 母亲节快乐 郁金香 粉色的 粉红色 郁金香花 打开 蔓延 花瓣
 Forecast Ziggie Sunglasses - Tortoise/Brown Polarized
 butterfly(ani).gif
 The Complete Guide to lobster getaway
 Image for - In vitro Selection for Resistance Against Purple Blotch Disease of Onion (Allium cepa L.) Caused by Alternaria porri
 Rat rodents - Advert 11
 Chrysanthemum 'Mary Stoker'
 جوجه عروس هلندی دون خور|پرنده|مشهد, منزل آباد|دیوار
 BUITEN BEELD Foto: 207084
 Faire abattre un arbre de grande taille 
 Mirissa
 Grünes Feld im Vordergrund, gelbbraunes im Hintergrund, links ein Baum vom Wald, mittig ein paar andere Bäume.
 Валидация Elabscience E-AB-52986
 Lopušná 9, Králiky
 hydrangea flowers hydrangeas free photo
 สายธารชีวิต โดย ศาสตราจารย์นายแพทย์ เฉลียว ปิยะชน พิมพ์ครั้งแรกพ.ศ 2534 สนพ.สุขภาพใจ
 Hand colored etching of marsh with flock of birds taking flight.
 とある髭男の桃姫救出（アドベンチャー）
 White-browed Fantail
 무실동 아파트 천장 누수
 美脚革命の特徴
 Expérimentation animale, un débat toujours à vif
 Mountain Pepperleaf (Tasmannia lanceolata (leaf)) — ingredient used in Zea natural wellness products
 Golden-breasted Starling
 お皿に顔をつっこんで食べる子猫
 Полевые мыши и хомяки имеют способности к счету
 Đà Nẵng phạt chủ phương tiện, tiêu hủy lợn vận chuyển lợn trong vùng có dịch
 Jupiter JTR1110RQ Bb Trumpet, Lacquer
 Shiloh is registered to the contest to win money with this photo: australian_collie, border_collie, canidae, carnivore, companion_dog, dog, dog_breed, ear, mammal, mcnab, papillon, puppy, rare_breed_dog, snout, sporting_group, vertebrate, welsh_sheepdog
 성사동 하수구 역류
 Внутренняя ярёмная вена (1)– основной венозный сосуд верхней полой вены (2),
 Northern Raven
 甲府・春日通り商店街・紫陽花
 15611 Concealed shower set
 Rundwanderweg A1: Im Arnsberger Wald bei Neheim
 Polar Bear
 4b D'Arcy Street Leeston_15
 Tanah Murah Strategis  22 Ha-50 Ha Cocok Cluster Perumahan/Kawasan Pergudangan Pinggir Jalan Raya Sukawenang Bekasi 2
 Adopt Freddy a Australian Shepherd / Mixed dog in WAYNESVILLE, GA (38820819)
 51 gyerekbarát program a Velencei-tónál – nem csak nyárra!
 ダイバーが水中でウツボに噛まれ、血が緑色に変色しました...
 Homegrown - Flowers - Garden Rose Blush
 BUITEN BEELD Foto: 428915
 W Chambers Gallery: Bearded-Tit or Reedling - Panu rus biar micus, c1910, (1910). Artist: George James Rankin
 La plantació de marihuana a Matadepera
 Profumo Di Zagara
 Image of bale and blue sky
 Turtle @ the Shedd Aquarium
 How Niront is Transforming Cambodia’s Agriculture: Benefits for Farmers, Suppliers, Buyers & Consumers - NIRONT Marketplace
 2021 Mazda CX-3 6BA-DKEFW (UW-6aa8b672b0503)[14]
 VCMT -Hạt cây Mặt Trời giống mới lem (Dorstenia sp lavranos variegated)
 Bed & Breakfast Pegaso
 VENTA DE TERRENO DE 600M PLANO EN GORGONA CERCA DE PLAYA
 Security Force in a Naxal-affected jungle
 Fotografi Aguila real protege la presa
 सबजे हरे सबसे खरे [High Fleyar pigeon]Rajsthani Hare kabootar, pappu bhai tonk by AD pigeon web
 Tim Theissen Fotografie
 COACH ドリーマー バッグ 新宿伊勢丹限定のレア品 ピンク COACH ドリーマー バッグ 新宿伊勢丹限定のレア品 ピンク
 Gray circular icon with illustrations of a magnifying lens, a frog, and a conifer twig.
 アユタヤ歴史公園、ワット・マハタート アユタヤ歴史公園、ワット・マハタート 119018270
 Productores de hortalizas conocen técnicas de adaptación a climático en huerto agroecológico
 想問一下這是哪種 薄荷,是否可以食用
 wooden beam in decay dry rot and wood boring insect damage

=-=-=-=-=

Exercise requirements:
Using the data above, reproduce exactly the lines from the line that contains "Rat rodents - Advert 11" through the line that contains "hydrangea flowers hydrangeas free photo", including both.

Reply to the task:
 Rat rodents - Advert 11
 Chrysanthemum 'Mary Stoker'
 جوجه عروس هلندی دون خور|پرنده|مشهد, منزل آباد|دیوار
 BUITEN BEELD Foto: 207084
 Faire abattre un arbre de grande taille 
 Mirissa
 Grünes Feld im Vordergrund, gelbbraunes im Hintergrund, links ein Baum vom Wald, mittig ein paar andere Bäume.
 Валидация Elabscience E-AB-52986
 Lopušná 9, Králiky
 hydrangea flowers hydrangeas free photo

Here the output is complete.